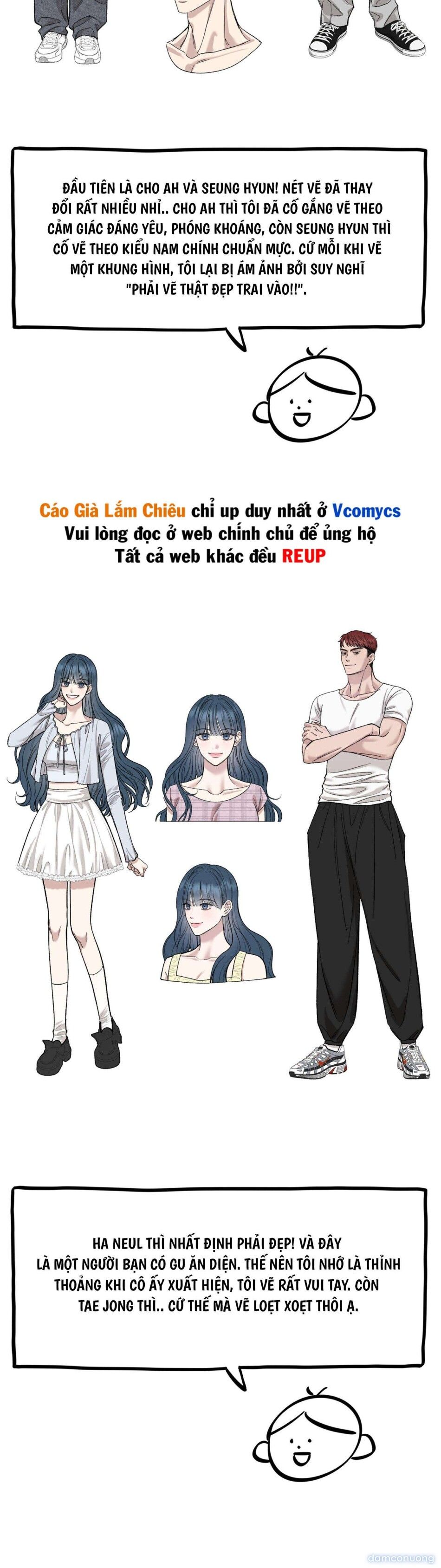 đọc truyện [18+] Buổi Học Thêm Chương 35.1 ảnh 6 tại Thiên Thai Truyện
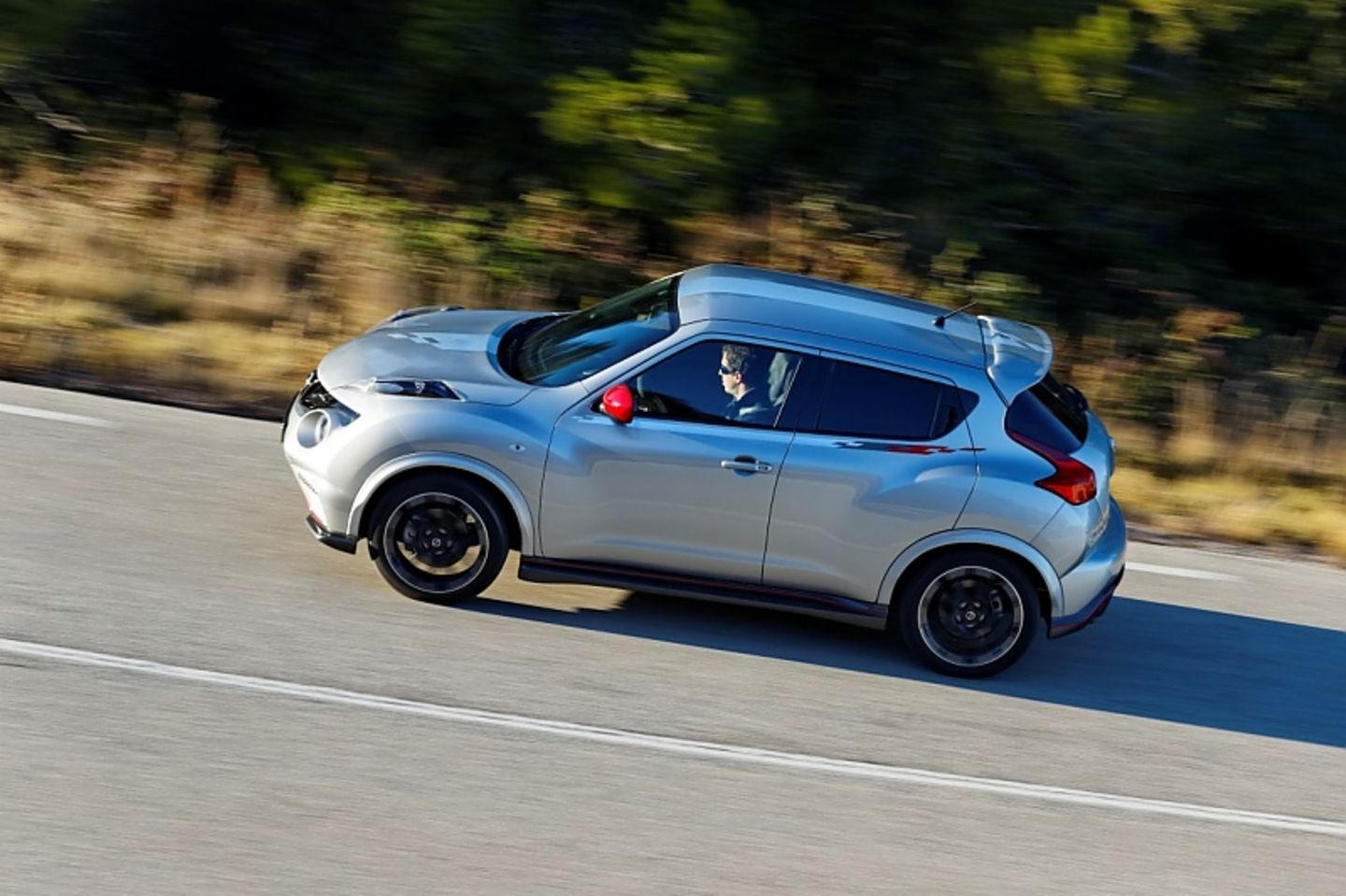 Nissan Juke Nismo RS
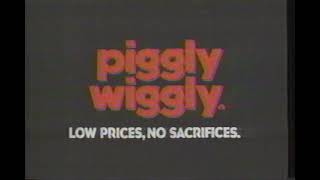 Piggly Wiggly Commercial [upl. by Rusty]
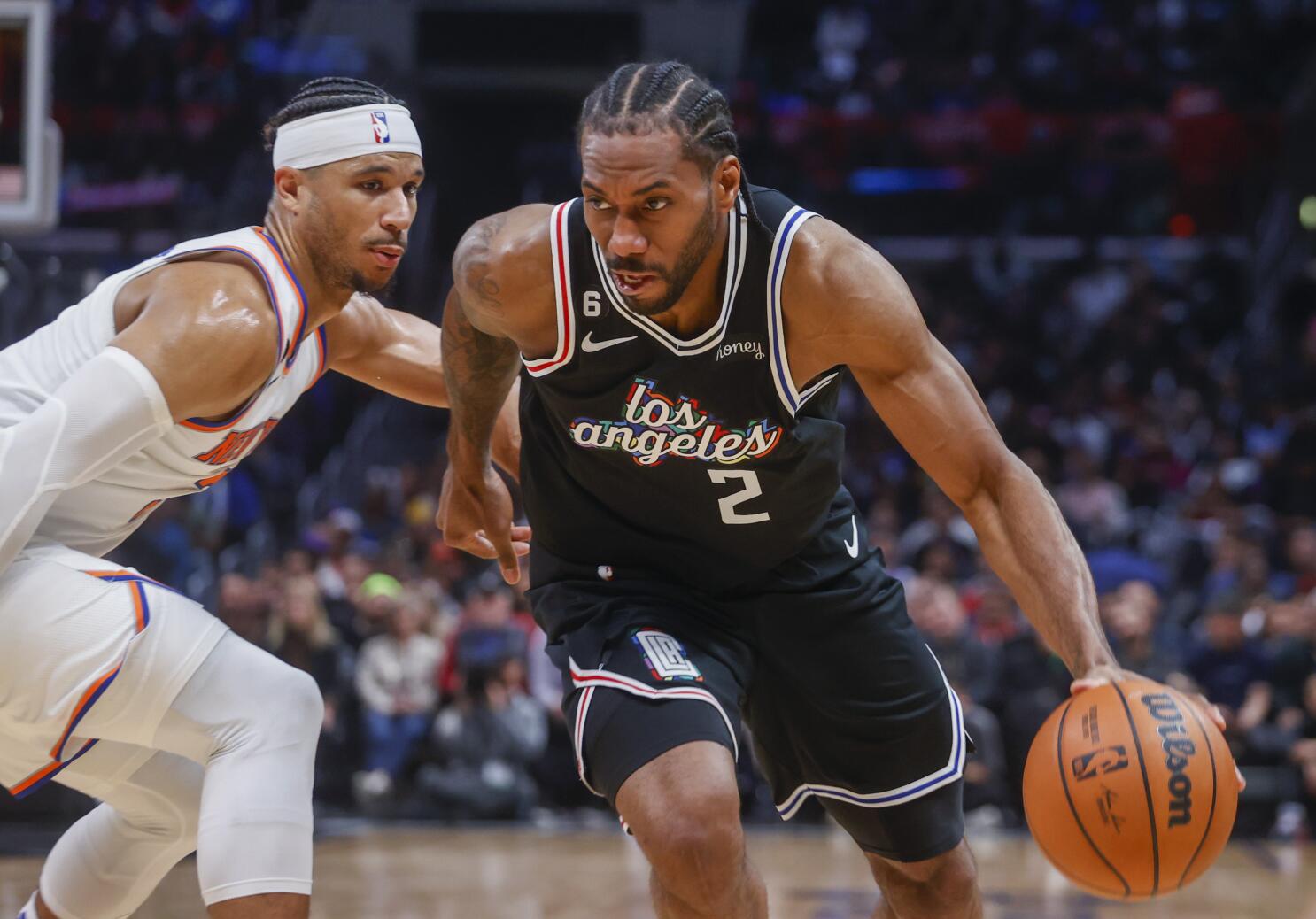 Kawhi Leonard had clean up procedure on right knee, is '100%' expected to  be ready for training camp - The San Diego Union-Tribune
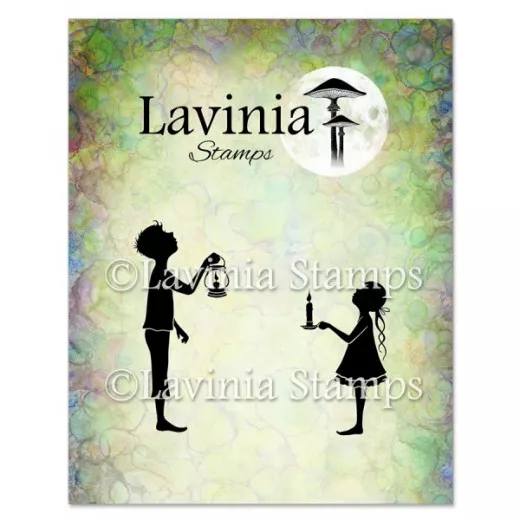 Lavinia Clear Stamps - Annie & Edward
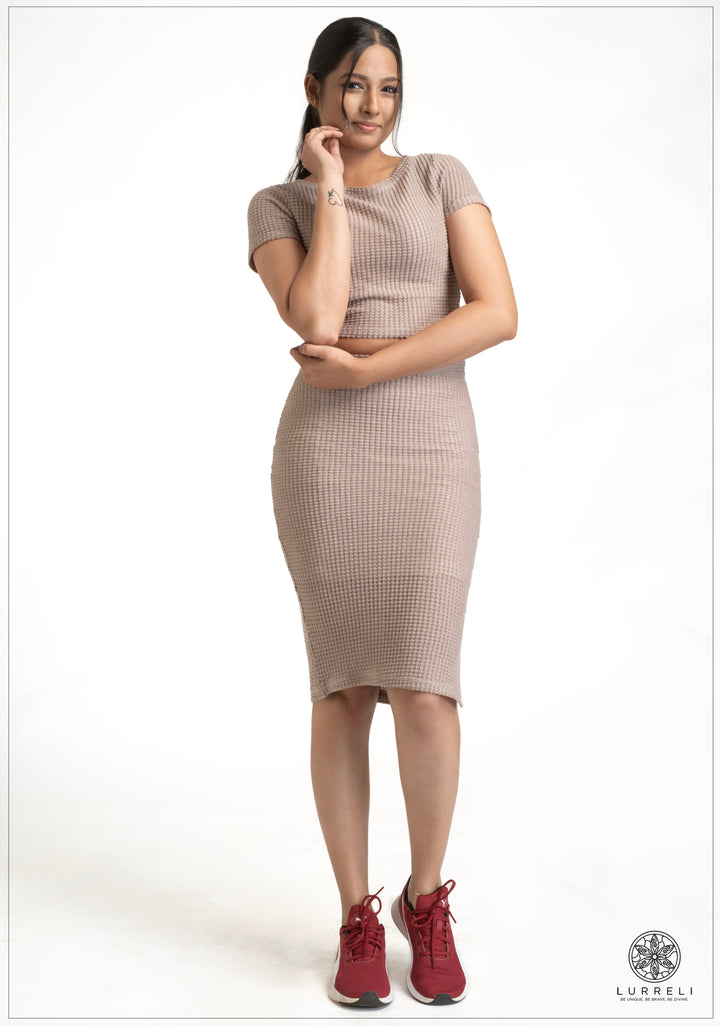 Basic Midi Skirt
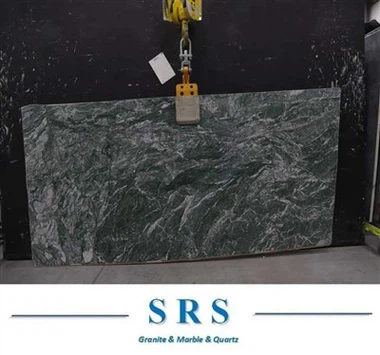 সবুজ মার্বেল স্ল্যাব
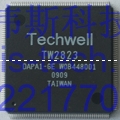 供應(yīng)原裝TW2823 TECHWELL集成IC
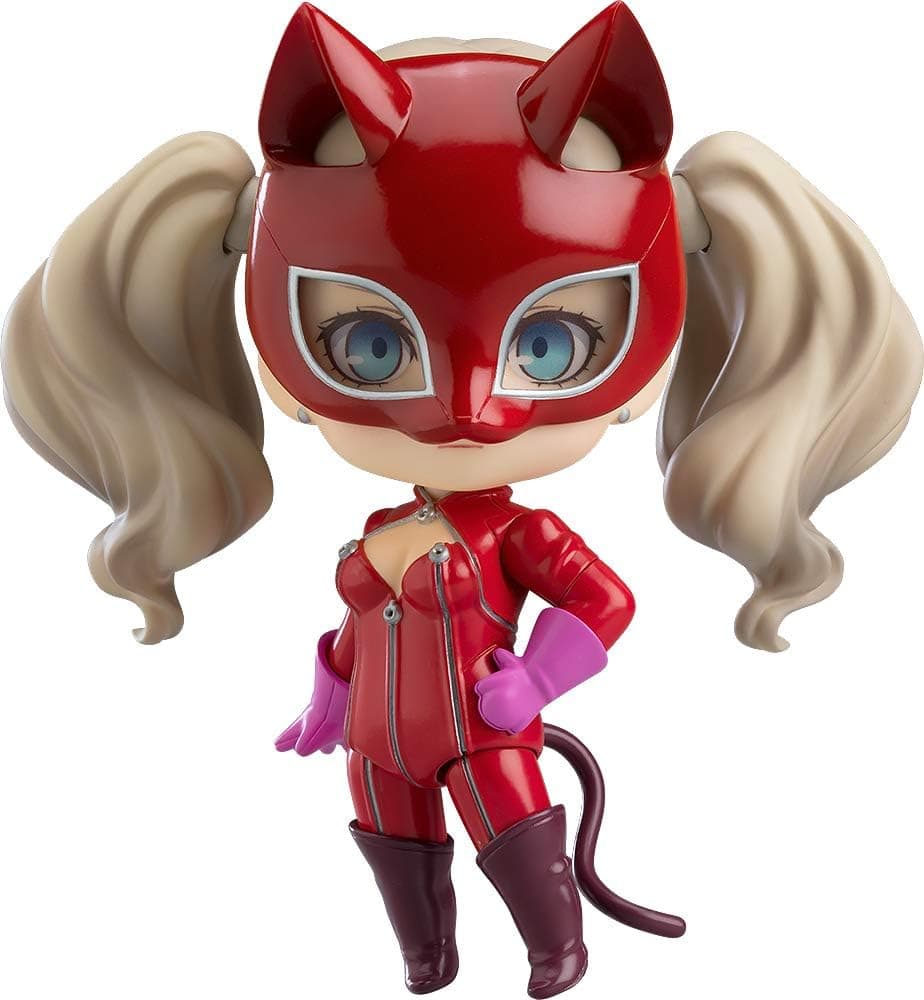 Persona 5: The Animation - Takamaki Anne - Nendoroid (#1143) - Phantom Thief Ver. (Good Smile Company)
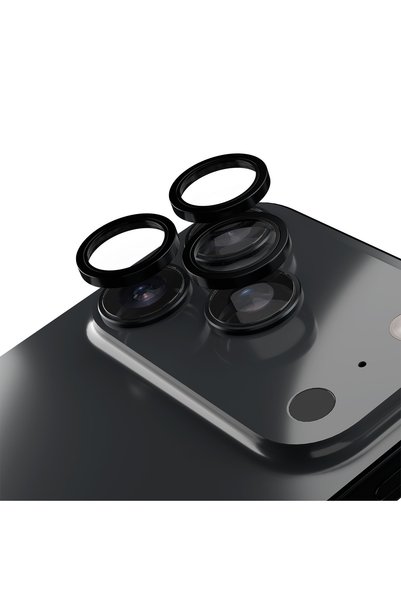 Etteri camera lens protector for iPhone 18 Pro / 18 Pro Max dark grey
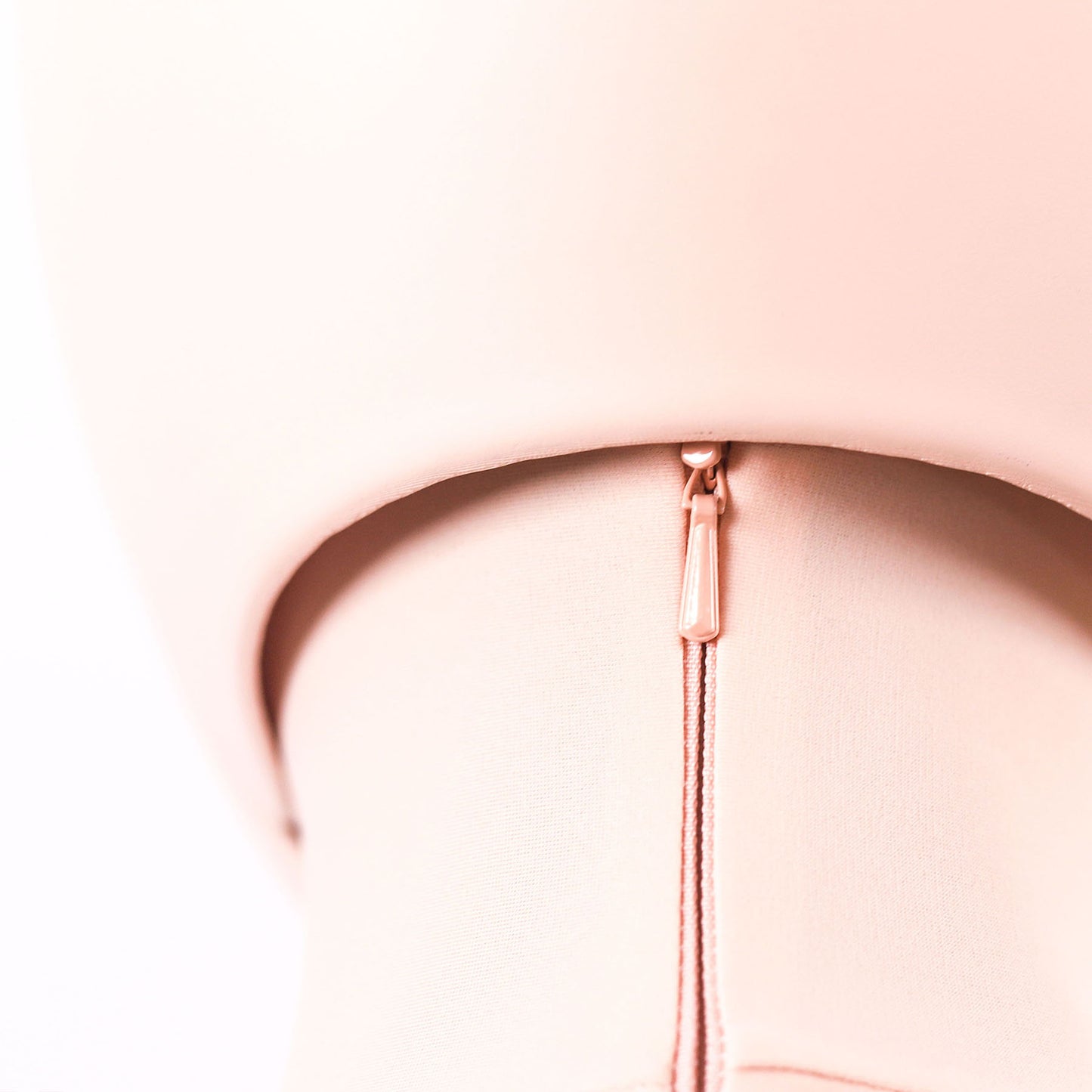 Model Pure Blank Full Head Face Shield Mask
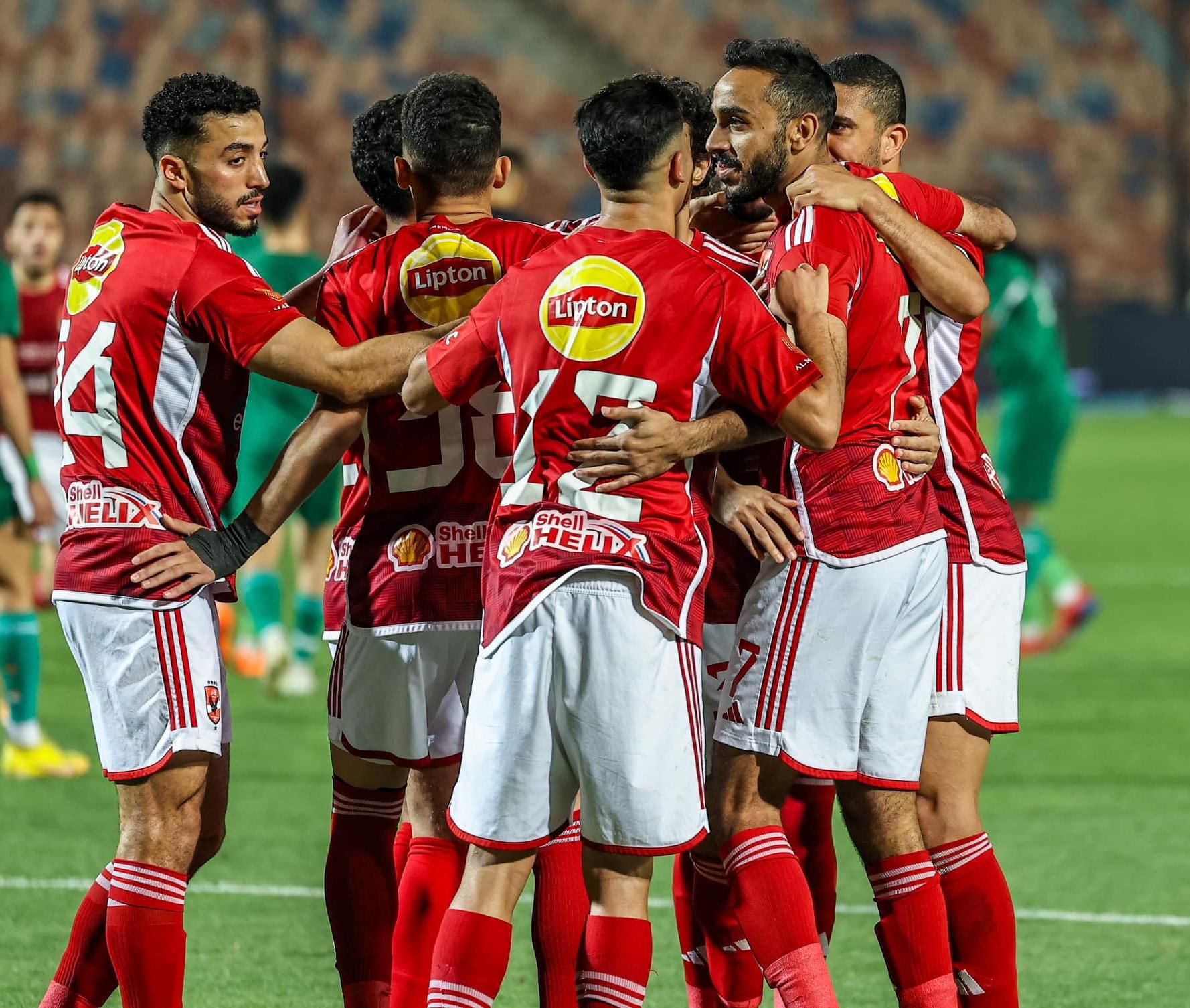 Ismaily SC vs Al Ahly Prediction, Betting Tips & Odds │16 FEBRUARY, 2025
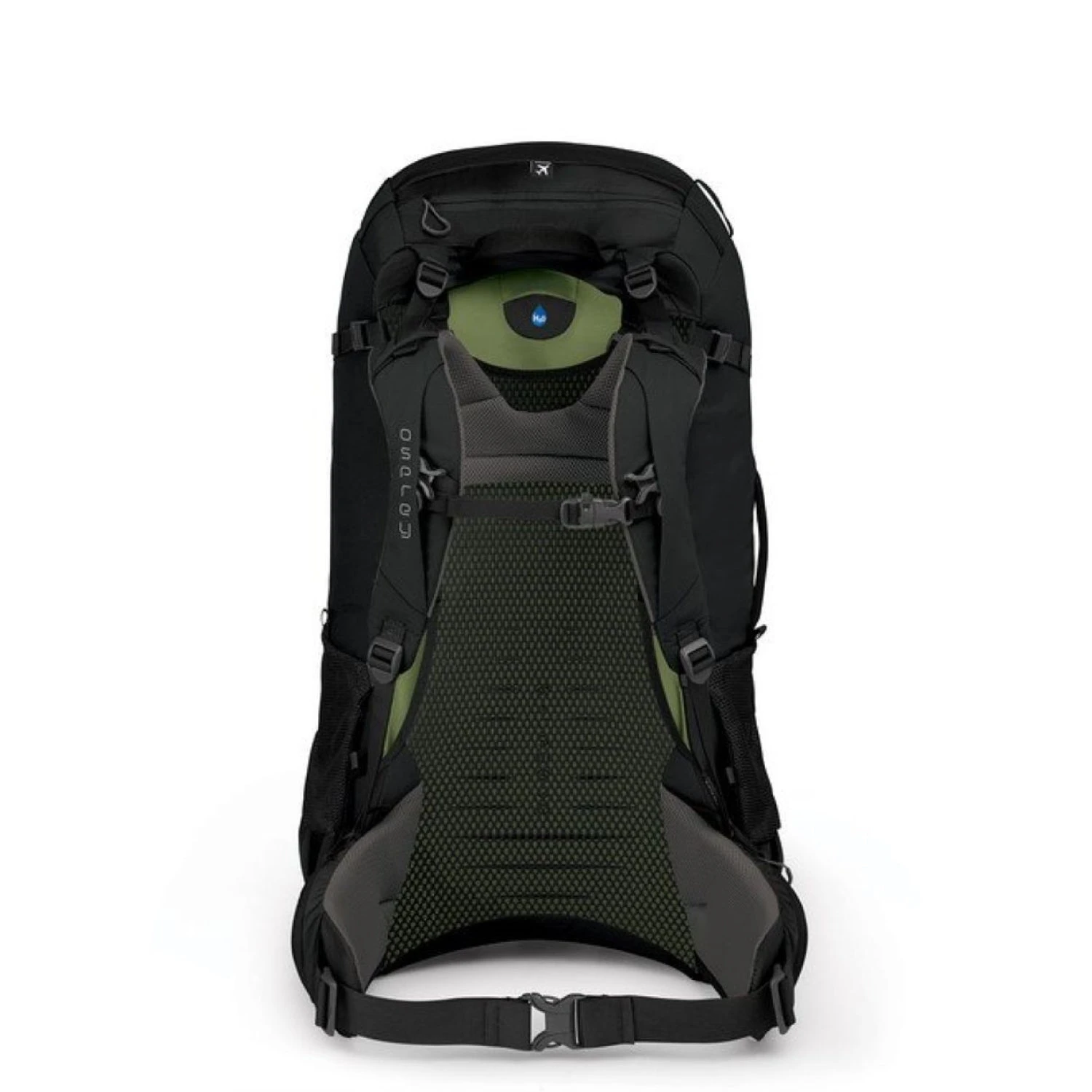 Osprey Farpoint Trek Travel Pack 55 Backpack - Men's Travel Pack - Backpacking 4 Osprey Farpoint Trek Travel Pack 55 Backpack - Men's Travel Pack - Backpacking - Image 2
=====
> _About this task_: Transcribe the records above exactly, excluding every picture.

> _Response box_:
 đọc truyện [18+] Buổi Học Thêm Chương 35.1 ảnh 6 tại Thiên Thai Truyện
 Nissan Juke Nismo RS
 Piggly Wiggly Commercial [upl. by Rusty]
 Kawhi Leonard had clean up procedure on right knee, is '100%' expected to  be ready for training camp - The San Diego Union-Tribune
 Lavinia Clear Stamps - Annie & Edward
 Basic Midi Skirt
 সবুজ মার্বেল স্ল্যাব
 供應(yīng)原裝TW2823 TECHWELL集成IC
 Persona 5: The Animation - Takamaki Anne - Nendoroid (#1143) - Phantom Thief Ver. (Good Smile Company)
 Etteri camera lens protector for iPhone 18 Pro / 18 Pro Max dark grey
 Model Pure Blank Full Head Face Shield Mask
 Ismaily SC vs Al Ahly Prediction, Betting Tips & Odds │16 FEBRUARY, 2025
 Osprey Farpoint Trek Travel Pack 55 Backpack - Men's Travel Pack - Backpacking 4 Osprey Farpoint Trek Travel Pack 55 Backpack - Men's Travel Pack - Backpacking - Image 2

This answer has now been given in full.